# Mapping Resources > How Do I ??? >  Creating a path from the center points of a selection?

## eepjr24

If I have a selection, for simplicity sake we'll start with a 50 pixel wide line at a 45 degree angle from top left to bottom right (see below), how do I create a path that traverses the approximate center of the selection and is one pixel wide?



I know how to create a selection, shrink a selection, create a path from a selection. But simply shrinking will either end you up with gaps in the path or with areas that are wider than a pixel in the path. I am fine if this is something I need to do programatically if someone can point me in the right direction or the terminology to look for to execute this type of operation. I am no great mathematician, but I can muddle through most geometry and basic trig. And I am fine with putting in time to experiment as necessary.

- Ernie

----------


## Redrobes

Is this in any particular application or do you have the coordinates of the line or selection shape ? Is the starting point a set of numerical coordinates or an image which contains something like the line in it ? And if your selection was square then when you traverses, in which direction should it go ? Would it be across the smallest dimension for example.

I would suggest at first glance by looking into OpenCV. You can use that with a number of different programming languages such as python.

----------


## waldronate

What you need is called a morphological skeletonize operation or medial axis transform.
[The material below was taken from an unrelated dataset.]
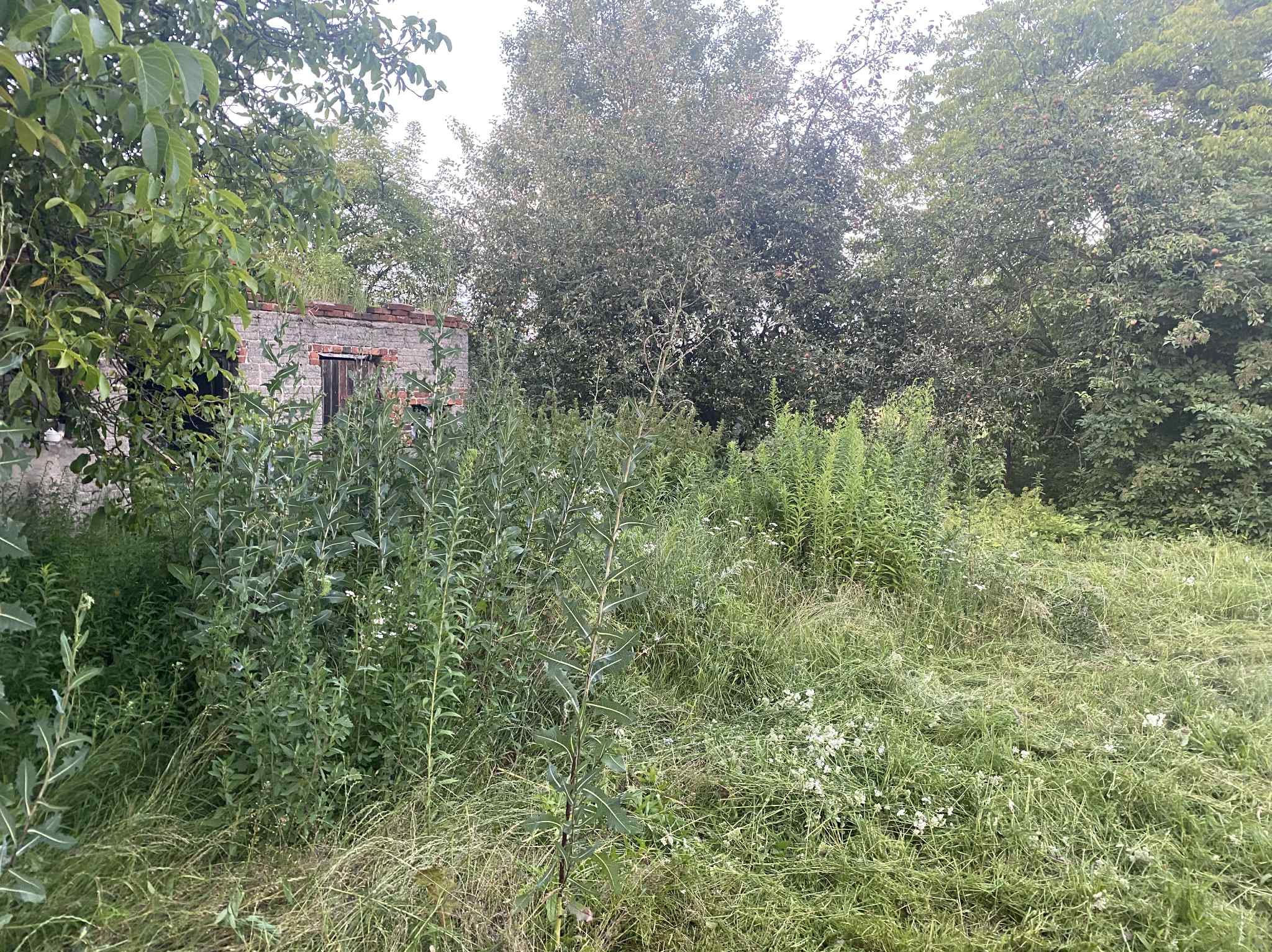 Zarośnięty ogród z wysoką trawą i chwastami, zaniedbany teren z widoczną starą, ceglaną budowlą w tle, częściowo zasłoniętą przez roślinność.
It's a common operation in image processing. There are many libraries that can perform this task, but some sort of context in which you perform the operation would be useful.

----------


## eepjr24

> What you need is called a morphological skeletonize operation or medial axis transform. It's a common operation in image processing. There are many libraries that can perform this task, but some sort of context in which you perform the operation would be useful.
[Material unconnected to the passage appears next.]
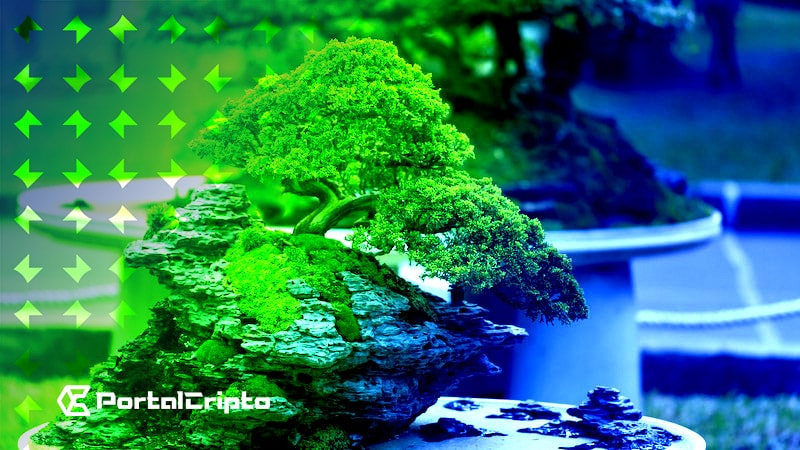 Lens Protocol apresenta o projeto Bonsai, solução blockchain para redes sociais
Trying to automate some tasks for map making. So say I have a set of roads laid out on a layer. Having a path that followed the center of the road would allow me to perform multiple strokes on the road to lay down color, texture, pot holes or whatever else I would like. So in the end I would like to be able to call this from scripts, but from what I have seen so far most anything you can do from the UI you can do from the pdb. I have been pointed to AutoTrace and a plug in to use it, I am probably going to try that next unless someone has nifty other ideas. =)

Thanks for the responses.

- E

----------


## waldronate

If you're looking to find the centerline of roads and then apply styles to that, you're most likely better off marking them manually because you are unlikely to need to do a huge number of roads (a couple of hundred, at most). That's especially true if you are trying to do this in the context of an existing tool like Photoshop or the GIMP. If you get a good workflow going, you can probably start from the centerlines next time.
Skeletonizing existing images (or selections) is a very error-prone operation that tends to generate a large number of spurious side branches. Simplifying the skeleton is very likely to be more work that it's worth.
Are you doing your own mapping program?

----------


## eepjr24

> If you're looking to find the centerline of roads and then apply styles to that, you're most likely better off marking them manually because you are unlikely to need to do a huge number of roads (a couple of hundred, at most). That's especially true if you are trying to do this in the context of an existing tool like Photoshop or the GIMP. If you get a good workflow going, you can probably start from the centerlines next time.
> Skeletonizing existing images (or selections) is a very error-prone operation that tends to generate a large number of spurious side branches. Simplifying the skeleton is very likely to be more work that it's worth.
> Are you doing your own mapping program?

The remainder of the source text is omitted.